Soal sistem tata negara Islam di Indonesia, responden juga ditanya mengenai apakah mereka setuju dengan sebagian umat Islam yang ingin mendirikan negara Islam di Indonesia. Hasilnya, 19,39 persen menyatakan “setuju”, dan 3,06 persen menyatakan “sangat setuju”. Adapun, 34,69 persen menjawab “tidak setuju” dan 37,76 persen menjawab “kurang setuju”. Selanjutnya terkait ISIS, para pelajar ini ditanya, “Apakah Anda sangat bersedia, kurang bersedia atau tidak bersedia bila diajak untuk ikut berperang ke Irak dan Suriah oleh ISIS?”. Sebanyak 3,06 persen menjawab “bersedia”; dan 83,86 persen menjawab “tidak bersedia”. Kemudian para responden juga ditanya pendapatnya soal bom bunuh diri.

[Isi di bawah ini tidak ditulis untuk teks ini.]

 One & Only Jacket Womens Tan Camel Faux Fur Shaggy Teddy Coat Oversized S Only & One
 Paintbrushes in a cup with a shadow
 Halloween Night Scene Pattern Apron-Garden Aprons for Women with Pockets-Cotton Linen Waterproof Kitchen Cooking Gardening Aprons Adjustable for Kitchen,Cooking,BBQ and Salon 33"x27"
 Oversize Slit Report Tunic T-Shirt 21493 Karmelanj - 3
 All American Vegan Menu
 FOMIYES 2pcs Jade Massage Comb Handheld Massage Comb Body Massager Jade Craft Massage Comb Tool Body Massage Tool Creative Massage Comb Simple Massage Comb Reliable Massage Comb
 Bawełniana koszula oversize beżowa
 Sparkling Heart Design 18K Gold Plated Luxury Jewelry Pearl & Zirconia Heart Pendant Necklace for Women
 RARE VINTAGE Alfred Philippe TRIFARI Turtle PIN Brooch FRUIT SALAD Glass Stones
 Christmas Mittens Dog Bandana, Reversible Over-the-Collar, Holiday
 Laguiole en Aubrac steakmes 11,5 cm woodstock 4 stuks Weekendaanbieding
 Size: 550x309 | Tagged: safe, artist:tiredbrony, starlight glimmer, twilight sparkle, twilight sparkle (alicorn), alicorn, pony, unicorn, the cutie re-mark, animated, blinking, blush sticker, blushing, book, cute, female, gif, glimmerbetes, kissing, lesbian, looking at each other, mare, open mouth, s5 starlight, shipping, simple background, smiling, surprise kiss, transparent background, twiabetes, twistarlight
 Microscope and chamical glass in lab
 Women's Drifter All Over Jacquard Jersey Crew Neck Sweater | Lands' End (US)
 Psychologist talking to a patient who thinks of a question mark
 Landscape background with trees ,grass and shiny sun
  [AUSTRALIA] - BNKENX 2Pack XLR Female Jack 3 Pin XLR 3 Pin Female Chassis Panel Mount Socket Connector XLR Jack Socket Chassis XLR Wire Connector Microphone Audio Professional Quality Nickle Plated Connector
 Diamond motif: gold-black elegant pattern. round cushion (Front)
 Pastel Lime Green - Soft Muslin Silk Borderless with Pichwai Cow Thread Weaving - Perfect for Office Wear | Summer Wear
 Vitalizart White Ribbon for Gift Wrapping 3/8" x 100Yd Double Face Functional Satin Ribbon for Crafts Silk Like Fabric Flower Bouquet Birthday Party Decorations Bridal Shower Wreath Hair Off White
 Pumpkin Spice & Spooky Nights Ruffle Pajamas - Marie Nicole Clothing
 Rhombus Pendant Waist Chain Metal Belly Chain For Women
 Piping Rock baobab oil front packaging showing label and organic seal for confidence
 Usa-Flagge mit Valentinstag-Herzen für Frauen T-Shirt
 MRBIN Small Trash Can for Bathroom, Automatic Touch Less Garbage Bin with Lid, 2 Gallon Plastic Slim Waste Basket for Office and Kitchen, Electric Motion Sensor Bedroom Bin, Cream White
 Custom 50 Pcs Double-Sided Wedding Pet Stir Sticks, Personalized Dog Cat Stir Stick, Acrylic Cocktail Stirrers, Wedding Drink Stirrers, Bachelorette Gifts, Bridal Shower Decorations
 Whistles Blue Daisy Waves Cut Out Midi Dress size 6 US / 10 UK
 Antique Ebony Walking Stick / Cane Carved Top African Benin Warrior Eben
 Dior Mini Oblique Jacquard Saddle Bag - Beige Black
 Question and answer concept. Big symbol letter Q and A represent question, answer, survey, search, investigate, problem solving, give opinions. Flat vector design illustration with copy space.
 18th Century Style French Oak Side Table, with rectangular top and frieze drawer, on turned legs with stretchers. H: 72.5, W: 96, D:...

Sebesar 6,12 persen menyatakan setuju bahwa pengeboman yang dilakukan Amrozi cs merupakan perintah agama. Sementara, 79,59 persen menjawab tidak setuju (www.kompas.com, 2/3).

Melihat persoalan di atas, sangat jelas bahwa aspek deradikalisasi perlu menjadi prioritas dalam revisi UU Anti Terorisme. Deradikalisasi seharusnya menitikberatkan pada aspek pendidikan baik di tingkat sekolah maupun perguruan tinggi. Pendidikan yang mengajarkan nilai-nilai penghargaan terhadap keragaman budaya, etnis, suku dan agama. Sikap yang menghargai dan menghormati perbedaan, merupakan sikap yang sangat penting untuk tersampaikan dan terinternalisasi kepada  generasi muda kita saat ini.